I happened to be one of those beings whose hearts may be more easily broken than bent,—I must foolishly confess, since he has passed to his account, and cannot be flattered by my weakness,-and, while I expected such a letter, if any, its coldness froze me so suddenly, I verily thought I could not survive. Tell me, ye who laugh at my folly, for I am bravely over it now, and no word of yours shall wound me,-tell me, how could I at that time have borne my disappointment differently, and made up for all that vanished love? How could I have gone to work, with the hand of a heartless changeling, coolly untied the knots of that sacred attachment, and fastened my heart again to any man on earth? The possibility of the thing was a mystery which I did not try to solve. Delirium or death at that time was easier for a nature and for ties like mine. I spent the day in my chamber, and in what a state of mind (under pretence of sick-headache) I leave the reader to imagine. But it was only one day of solitude and sackcloth; for my pride soon returned, and I was ashamed of myself that I had mourned for the desertion of one whom I ought to have been glad to

abandon before it was too late. Then there arose a pity for the misfortune of his fortune, and, O, what tender, girlish love reached forth and snatched back his image to my bosom! Then my heart throbbed with anger, and my cheeks burned with indignation, and I was chafed and insulted by the baseness of a soul that would attempt such consolations for me, while he declared his love for another; (I smile now as I recall the perfect tempest of indignation and scorn that my maiden heart was then able, with so little conscious effort to raise, and what smilings and what poutings rose in succession, as love blew hot or cold,) and I crumpled the insolent letter in my hand, tore it to pieces, and paced the room, I dare say, as romantically and with as queenly pride as the heroine of any novel. Then, of course, I melted down and sobbed and sighed. I searched my library for a book which might apply to my case, and express my mingled emotions. I read Lady Byron's reply to her lord's "Fare thee well," and found not my anodyne there. I opened the "Sorrows of Werter," and shut it before I finished the first chapter. I went to Amelia's table and took "Alonzo and Melissa," but that was intolerable, and I dashed it on the floor. I took down Irving, and read with fresh interest his "Pride of the Village," but found I was neither so unhappy nor so resigned as that heroine, and received little comfort from her case.
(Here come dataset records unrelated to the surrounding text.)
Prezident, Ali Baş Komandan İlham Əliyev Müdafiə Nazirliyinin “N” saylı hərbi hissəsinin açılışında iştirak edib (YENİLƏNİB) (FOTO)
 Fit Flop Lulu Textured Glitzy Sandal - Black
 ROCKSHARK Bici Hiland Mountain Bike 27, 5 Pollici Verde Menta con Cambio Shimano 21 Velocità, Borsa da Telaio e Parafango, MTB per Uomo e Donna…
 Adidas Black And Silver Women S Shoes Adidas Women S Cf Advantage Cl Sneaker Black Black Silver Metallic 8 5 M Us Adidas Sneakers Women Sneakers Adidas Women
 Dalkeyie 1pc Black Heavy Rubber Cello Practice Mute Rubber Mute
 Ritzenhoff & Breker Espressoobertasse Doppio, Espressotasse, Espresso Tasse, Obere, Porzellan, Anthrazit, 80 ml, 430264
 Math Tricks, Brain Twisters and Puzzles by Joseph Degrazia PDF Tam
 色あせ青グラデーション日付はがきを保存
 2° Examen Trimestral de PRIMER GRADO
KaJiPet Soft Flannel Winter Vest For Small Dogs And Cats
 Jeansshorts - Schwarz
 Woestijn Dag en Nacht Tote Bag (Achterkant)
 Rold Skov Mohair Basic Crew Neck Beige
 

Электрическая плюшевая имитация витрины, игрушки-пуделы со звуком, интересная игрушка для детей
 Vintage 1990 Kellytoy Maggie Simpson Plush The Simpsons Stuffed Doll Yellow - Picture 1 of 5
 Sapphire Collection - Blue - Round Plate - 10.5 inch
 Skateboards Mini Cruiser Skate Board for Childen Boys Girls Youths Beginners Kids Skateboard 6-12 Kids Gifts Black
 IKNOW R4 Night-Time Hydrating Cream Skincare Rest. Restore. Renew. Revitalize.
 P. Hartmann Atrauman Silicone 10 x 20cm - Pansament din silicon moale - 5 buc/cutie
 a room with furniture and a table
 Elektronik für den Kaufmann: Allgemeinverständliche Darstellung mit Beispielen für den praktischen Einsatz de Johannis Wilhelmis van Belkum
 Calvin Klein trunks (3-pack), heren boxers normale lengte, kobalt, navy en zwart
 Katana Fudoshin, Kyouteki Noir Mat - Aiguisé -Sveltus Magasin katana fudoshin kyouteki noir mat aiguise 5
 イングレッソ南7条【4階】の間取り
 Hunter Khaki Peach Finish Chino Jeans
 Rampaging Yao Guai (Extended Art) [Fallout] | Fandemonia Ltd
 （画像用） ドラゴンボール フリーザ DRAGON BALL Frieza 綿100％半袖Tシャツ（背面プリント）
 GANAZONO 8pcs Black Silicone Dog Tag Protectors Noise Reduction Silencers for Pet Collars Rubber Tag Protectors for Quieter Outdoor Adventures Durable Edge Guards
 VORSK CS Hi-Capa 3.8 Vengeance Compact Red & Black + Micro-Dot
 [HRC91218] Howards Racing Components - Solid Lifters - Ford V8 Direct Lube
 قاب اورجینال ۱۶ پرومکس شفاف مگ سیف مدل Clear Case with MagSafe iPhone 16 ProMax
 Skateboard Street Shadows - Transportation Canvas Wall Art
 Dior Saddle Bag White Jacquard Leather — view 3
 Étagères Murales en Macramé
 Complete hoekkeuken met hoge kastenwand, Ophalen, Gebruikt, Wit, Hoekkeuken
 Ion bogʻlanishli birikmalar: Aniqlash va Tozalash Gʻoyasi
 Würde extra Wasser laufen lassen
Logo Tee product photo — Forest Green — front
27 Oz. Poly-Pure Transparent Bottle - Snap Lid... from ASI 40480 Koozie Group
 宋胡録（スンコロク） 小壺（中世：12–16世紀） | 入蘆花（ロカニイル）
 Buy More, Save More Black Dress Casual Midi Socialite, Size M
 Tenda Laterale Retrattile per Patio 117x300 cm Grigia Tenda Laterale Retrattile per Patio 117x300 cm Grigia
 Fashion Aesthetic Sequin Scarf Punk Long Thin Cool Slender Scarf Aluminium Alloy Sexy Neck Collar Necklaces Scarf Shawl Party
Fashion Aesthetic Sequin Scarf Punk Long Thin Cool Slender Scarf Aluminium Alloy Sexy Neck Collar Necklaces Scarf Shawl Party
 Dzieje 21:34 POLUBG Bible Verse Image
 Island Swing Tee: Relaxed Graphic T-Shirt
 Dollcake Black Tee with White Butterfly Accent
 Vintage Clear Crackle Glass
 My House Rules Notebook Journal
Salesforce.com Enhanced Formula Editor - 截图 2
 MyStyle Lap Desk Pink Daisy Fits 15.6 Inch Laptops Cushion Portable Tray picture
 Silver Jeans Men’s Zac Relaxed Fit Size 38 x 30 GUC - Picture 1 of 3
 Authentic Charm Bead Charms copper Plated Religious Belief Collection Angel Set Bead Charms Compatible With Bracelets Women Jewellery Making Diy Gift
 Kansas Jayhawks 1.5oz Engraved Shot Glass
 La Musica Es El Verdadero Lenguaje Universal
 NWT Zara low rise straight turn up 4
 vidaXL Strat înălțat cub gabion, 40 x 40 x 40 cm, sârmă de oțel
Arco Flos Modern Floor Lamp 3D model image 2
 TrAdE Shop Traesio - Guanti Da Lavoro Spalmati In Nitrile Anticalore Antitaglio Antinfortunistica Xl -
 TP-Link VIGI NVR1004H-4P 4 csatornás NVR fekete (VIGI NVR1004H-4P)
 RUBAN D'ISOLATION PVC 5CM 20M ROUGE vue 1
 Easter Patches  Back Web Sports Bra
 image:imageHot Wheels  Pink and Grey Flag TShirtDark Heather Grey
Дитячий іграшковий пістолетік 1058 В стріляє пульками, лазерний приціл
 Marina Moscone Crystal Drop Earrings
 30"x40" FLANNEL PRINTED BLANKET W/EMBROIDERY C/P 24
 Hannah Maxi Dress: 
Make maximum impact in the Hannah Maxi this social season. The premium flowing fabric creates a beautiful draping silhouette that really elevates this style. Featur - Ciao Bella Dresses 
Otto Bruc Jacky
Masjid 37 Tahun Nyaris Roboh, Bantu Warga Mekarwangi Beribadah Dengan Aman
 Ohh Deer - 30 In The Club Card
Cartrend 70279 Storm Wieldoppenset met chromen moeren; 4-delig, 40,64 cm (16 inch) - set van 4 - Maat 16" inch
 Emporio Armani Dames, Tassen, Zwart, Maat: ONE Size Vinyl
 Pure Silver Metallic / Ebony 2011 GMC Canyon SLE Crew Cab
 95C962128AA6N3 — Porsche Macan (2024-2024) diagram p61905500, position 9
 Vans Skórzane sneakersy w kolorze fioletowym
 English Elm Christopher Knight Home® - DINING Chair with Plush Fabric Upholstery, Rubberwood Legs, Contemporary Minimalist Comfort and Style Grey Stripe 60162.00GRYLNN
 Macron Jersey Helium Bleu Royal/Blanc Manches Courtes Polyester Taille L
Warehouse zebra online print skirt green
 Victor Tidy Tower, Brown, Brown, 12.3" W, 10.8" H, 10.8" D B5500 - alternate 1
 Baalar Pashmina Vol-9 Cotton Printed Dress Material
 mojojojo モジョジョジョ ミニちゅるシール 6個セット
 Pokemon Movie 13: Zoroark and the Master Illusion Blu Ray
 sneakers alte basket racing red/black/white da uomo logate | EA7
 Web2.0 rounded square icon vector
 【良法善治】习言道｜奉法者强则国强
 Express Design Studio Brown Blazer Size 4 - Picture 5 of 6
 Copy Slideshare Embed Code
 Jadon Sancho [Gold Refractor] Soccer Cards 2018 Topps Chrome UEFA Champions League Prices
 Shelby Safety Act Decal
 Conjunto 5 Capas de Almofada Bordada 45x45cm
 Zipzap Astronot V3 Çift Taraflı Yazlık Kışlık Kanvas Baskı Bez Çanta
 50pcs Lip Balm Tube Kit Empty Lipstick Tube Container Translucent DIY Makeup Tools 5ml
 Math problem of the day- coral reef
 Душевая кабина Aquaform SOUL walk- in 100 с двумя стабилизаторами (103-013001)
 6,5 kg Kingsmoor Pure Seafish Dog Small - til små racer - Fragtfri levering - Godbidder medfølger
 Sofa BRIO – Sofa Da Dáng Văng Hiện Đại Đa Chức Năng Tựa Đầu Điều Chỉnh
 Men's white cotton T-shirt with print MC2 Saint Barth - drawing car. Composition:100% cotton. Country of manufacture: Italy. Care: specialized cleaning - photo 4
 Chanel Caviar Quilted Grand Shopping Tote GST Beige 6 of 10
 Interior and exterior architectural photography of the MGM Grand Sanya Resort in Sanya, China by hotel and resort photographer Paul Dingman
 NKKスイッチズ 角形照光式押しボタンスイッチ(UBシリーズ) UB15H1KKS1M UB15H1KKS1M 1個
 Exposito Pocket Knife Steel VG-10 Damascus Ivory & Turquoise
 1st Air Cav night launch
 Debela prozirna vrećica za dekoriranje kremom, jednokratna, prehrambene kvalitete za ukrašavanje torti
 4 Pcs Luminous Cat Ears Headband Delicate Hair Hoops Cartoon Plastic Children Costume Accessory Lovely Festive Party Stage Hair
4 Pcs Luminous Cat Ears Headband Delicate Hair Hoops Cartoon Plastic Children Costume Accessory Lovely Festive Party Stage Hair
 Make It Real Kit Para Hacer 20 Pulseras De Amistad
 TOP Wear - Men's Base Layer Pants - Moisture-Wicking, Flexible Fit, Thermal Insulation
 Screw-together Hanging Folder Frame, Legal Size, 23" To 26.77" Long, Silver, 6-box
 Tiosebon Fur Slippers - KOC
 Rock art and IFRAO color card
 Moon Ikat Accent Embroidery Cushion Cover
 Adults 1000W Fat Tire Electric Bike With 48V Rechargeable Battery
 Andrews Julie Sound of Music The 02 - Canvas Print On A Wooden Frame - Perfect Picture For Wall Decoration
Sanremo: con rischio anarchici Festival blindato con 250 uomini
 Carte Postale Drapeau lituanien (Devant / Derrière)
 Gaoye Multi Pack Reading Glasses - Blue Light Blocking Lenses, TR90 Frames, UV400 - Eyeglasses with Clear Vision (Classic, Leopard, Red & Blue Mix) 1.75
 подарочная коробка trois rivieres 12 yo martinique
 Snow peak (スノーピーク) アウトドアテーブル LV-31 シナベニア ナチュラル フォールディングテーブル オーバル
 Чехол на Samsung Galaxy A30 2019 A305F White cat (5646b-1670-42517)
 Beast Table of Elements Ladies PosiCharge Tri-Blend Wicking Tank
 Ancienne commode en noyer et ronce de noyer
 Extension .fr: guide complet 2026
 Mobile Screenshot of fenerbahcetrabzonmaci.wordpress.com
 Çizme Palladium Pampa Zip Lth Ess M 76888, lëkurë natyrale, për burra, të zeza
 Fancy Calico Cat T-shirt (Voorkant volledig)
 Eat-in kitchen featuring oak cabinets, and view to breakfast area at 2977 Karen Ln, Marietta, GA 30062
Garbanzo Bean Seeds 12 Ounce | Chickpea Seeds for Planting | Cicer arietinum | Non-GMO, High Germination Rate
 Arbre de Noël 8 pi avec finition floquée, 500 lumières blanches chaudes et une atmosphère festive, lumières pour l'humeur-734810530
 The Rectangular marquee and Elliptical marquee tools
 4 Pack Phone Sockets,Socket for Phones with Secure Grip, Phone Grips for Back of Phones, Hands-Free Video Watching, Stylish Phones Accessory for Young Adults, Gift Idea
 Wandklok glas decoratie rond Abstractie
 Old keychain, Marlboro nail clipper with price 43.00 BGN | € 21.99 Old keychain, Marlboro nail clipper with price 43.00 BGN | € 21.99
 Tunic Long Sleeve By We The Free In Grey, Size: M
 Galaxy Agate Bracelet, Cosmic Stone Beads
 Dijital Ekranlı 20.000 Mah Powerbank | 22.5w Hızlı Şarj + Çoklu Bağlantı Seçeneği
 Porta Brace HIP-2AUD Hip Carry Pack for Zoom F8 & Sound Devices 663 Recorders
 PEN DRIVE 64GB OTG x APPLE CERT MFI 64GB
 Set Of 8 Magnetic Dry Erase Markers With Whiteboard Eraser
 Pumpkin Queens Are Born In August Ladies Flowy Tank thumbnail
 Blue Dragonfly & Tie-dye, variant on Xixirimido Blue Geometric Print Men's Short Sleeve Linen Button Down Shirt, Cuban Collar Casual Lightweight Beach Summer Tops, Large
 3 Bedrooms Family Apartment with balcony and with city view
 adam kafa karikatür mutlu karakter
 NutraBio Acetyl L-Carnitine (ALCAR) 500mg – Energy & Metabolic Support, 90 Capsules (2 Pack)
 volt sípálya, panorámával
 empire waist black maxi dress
Then a poetical inspiration seized me, as I believe it does most persons in that situation, and I perpetrated three or four delightfully bitter stanzas "On Man's Inconstancy," and I remember each stanza had eight lines of common metre, and began with

"Oh!" and ended with "Man's Inconstancy." And so I ran on, pretty much, I suspect, as a hundred of my readers (if I have so many) have done at the romantic turn of life; very soon relenting and pitying poor Derby for his weakness, and for the sad and desolate life I was certain he must live; and at last I tossed his detested image from me, and, with pride and resentment, returned him a merited reply. I had the satisfaction of hearing that it arrested his romantic progress, and made him ineffably wretched for more than a week. But Arabel returned to his thoughts, and his own pride compelled him to send me a cold and final answer.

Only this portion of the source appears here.